■ **To do**
The data must be reproduced verbatim; images are to be omitted.

Data extracted from a collection:
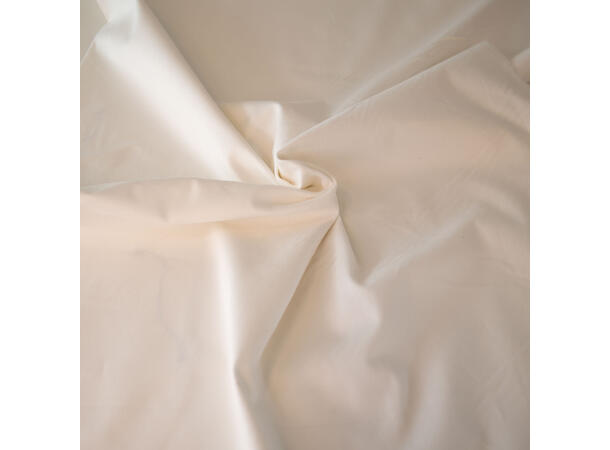 Ensfarget bomullstwill, optisk hvit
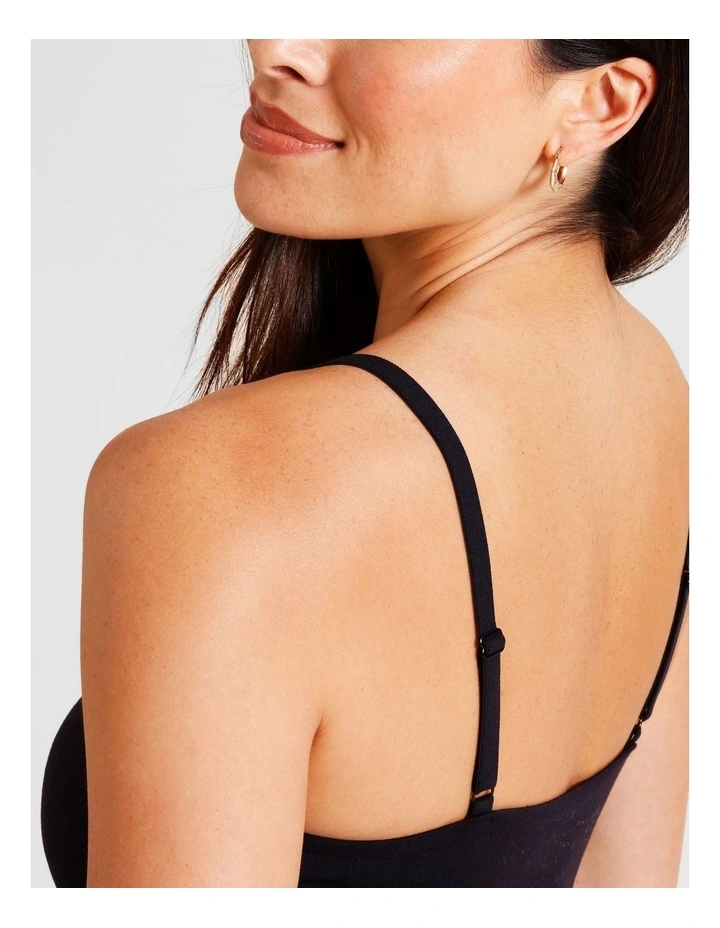 Soft Feel Bodysuit in Black image 4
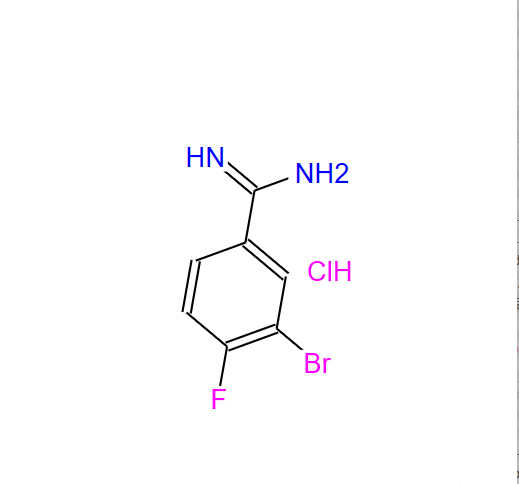 3-溴-4-氟苯甲脒盐酸盐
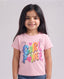 Kids premium printed t shirt- Pink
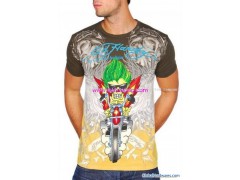 ED Hardy Men's Skeleton Biker图1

■ **Completed task**
 Ensfarget bomullstwill, optisk hvit
 Soft Feel Bodysuit in Black image 4
 3-溴-4-氟苯甲脒盐酸盐
 Kids premium printed t shirt- Pink
 ED Hardy Men's Skeleton Biker图1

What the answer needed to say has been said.